***** PROVIDED RECORDS *****

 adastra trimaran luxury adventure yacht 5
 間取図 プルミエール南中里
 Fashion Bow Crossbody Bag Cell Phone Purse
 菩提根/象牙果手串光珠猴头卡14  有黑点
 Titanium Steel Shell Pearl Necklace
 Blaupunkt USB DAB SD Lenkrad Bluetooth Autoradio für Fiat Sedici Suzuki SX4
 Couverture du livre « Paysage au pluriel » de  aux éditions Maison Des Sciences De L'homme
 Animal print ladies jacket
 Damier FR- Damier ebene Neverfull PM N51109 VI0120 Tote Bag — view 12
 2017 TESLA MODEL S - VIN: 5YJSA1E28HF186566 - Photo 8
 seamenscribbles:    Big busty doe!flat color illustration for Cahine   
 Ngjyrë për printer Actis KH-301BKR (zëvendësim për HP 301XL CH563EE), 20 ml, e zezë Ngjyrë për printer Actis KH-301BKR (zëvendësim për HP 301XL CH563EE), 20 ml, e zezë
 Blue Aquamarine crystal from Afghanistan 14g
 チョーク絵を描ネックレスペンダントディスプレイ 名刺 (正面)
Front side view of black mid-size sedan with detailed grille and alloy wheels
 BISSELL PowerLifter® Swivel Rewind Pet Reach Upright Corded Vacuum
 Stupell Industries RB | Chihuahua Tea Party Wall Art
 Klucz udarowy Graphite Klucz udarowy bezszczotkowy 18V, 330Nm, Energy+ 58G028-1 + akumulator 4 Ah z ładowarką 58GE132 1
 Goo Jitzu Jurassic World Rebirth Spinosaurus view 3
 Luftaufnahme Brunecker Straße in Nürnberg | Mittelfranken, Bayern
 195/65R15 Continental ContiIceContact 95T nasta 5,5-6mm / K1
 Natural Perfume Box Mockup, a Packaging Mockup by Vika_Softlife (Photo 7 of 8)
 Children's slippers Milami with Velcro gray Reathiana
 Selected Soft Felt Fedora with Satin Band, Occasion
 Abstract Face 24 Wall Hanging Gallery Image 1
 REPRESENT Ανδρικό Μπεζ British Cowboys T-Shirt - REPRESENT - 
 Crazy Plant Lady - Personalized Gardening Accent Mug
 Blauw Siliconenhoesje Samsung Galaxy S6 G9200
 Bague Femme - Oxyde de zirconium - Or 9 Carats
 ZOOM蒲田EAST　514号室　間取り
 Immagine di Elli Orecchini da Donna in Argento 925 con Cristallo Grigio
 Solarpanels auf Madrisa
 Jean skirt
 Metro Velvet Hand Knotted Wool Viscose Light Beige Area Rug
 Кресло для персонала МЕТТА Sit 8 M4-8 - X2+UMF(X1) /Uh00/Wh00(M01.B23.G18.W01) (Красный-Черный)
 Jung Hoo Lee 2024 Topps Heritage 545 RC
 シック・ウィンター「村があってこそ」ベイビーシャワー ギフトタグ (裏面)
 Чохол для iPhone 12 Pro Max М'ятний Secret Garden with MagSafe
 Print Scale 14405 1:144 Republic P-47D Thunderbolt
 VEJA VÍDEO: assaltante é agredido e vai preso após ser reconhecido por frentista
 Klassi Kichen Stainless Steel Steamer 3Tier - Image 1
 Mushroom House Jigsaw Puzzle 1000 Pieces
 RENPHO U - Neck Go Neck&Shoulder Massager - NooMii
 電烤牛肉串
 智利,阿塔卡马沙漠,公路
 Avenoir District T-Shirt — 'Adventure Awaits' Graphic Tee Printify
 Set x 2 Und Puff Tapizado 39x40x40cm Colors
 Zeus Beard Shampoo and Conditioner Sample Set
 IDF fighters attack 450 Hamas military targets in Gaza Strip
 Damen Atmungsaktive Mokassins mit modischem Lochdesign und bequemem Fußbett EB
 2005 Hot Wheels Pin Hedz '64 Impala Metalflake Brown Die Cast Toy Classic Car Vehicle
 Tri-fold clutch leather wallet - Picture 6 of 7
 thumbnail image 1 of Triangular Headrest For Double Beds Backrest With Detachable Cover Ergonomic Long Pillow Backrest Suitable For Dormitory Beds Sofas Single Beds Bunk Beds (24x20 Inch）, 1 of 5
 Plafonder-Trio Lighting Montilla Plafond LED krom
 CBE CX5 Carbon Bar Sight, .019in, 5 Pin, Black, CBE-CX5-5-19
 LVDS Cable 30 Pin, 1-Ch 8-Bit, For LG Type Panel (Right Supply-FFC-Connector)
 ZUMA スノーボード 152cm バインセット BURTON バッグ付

*****

• TASK DETAILS:
Repeat exactly the lines of the listing above, from the one with "Blaupunkt USB DAB" down to the one with "Abstract Face 24"; both of those lines belong in the range.

• RESULT OF THIS TASK:
 Blaupunkt USB DAB SD Lenkrad Bluetooth Autoradio für Fiat Sedici Suzuki SX4
 Couverture du livre « Paysage au pluriel » de  aux éditions Maison Des Sciences De L'homme
 Animal print ladies jacket
 Damier FR- Damier ebene Neverfull PM N51109 VI0120 Tote Bag — view 12
 2017 TESLA MODEL S - VIN: 5YJSA1E28HF186566 - Photo 8
 seamenscribbles:    Big busty doe!flat color illustration for Cahine   
 Ngjyrë për printer Actis KH-301BKR (zëvendësim për HP 301XL CH563EE), 20 ml, e zezë Ngjyrë për printer Actis KH-301BKR (zëvendësim për HP 301XL CH563EE), 20 ml, e zezë
 Blue Aquamarine crystal from Afghanistan 14g
 チョーク絵を描ネックレスペンダントディスプレイ 名刺 (正面)
Front side view of black mid-size sedan with detailed grille and alloy wheels
 BISSELL PowerLifter® Swivel Rewind Pet Reach Upright Corded Vacuum
 Stupell Industries RB | Chihuahua Tea Party Wall Art
 Klucz udarowy Graphite Klucz udarowy bezszczotkowy 18V, 330Nm, Energy+ 58G028-1 + akumulator 4 Ah z ładowarką 58GE132 1
 Goo Jitzu Jurassic World Rebirth Spinosaurus view 3
 Luftaufnahme Brunecker Straße in Nürnberg | Mittelfranken, Bayern
 195/65R15 Continental ContiIceContact 95T nasta 5,5-6mm / K1
 Natural Perfume Box Mockup, a Packaging Mockup by Vika_Softlife (Photo 7 of 8)
 Children's slippers Milami with Velcro gray Reathiana
 Selected Soft Felt Fedora with Satin Band, Occasion
 Abstract Face 24 Wall Hanging Gallery Image 1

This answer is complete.